La sua missione è un modello concreto di connubio tra messaggio evangelico e vita cittadina, tra valori religiosi e valori civili della giustizia e della legalità, nonché testimonianza viva di lotta alla malavita organizzata. Padre Puglisi mostra che la battaglia più grande contro la mafia si combatte per le vie dei quartieri dove l’assenza di speranza condanna i più piccoli a un’esistenza priva di bellezza e di libertà di sognare.
Con il suo impegno diventa un faro per ragazze e ragazzi che, grazie a lui, recuperano nella Fede la possibilità di un presente e di un futuro diversi. Per queste ragioni viene ucciso da Cosa Nostra il 15 settembre 1993, nel giorno del suo 56esimo compleanno: è il primo martire della Chiesa ucciso dalla mafia.
Fino a quel momento i giornali non si erano quasi mai occupati di lui: non sbandierava con interviste o marce la sua antimafia. Ma dopo l’agguato mafioso, apparve a tutti evidente che il lavoro educativo svolto dal parroco di Brancaccio era la più grande minaccia alla mafia e una grande opportunità per i ragazzi delle periferie.

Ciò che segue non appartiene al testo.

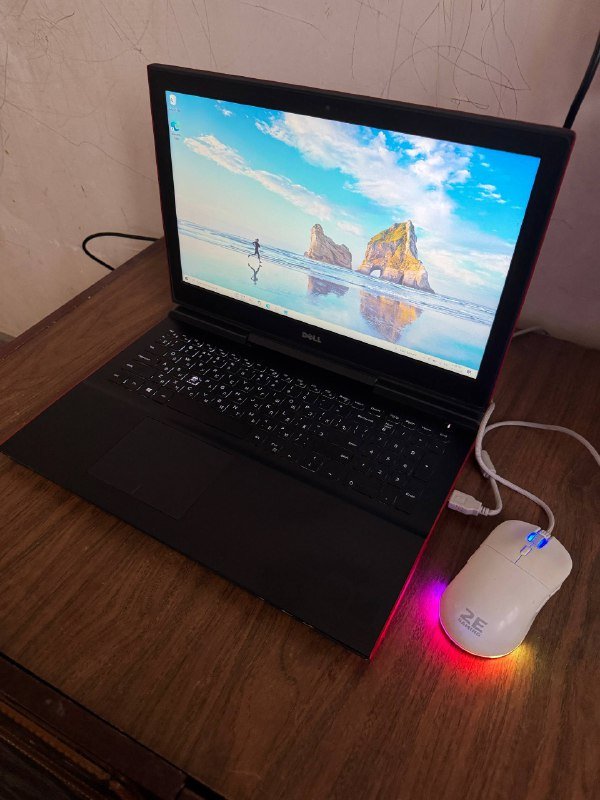 Dell Inspiron 15 7000 Gaming ноутбук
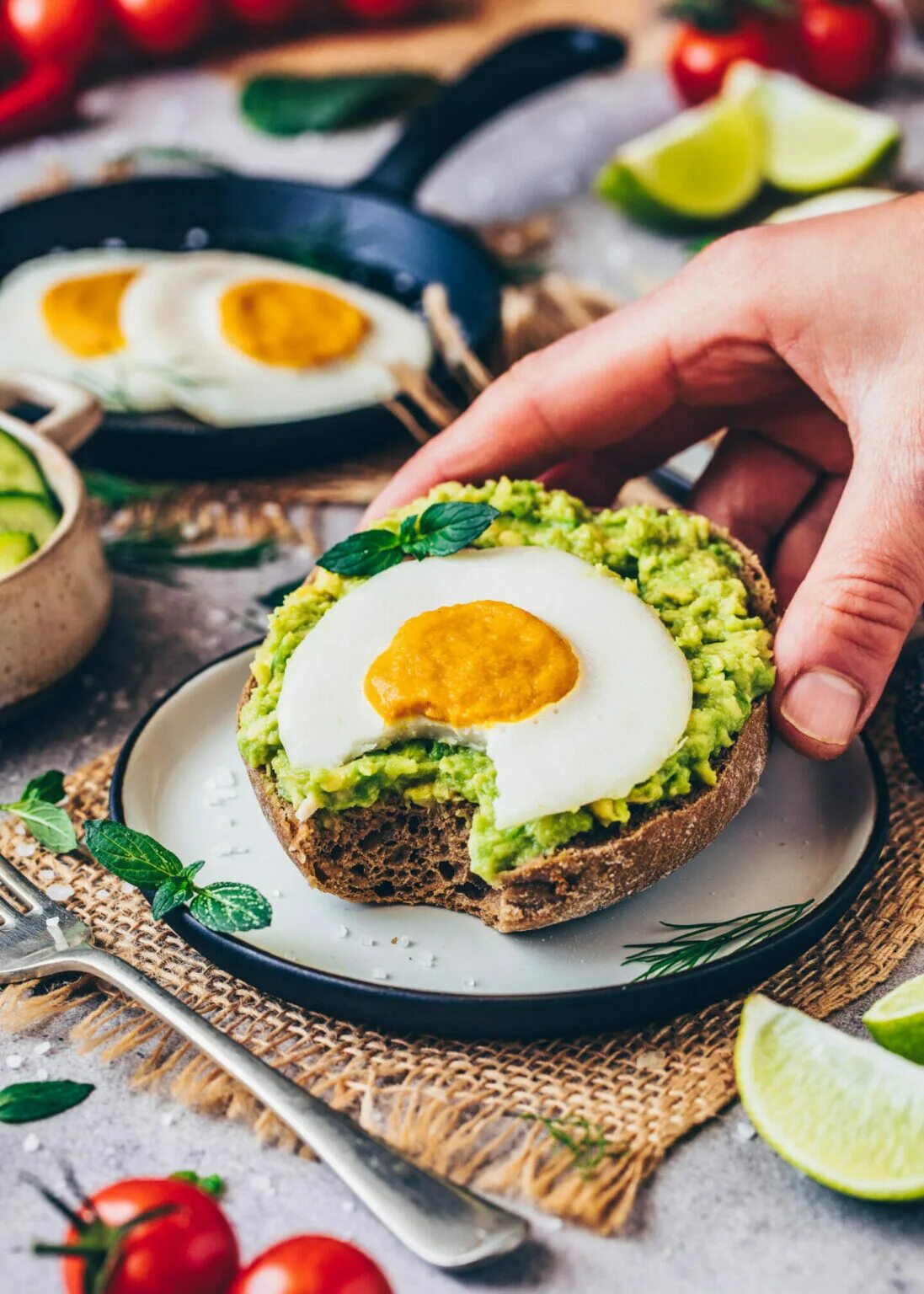 Веганская яичница. Веганское яйцо. Яичница в Лондоне. Fried Eggs на красивой тарелке. Вегетарианец есть яйца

Per il suo instancabile impegno a testimoniare il Vangelo nelle periferie fino al dono della vita il 25 maggio 2013 viene proclamato beato. Nel 2014 lo scrittore Alessandro D’Avenia dedica al sacerdote-docente conosciuto durante il liceo il libro “Ciò che inferno non è”, consacrando anche alla letteratura la testimonianza di Don Pino Puglisi.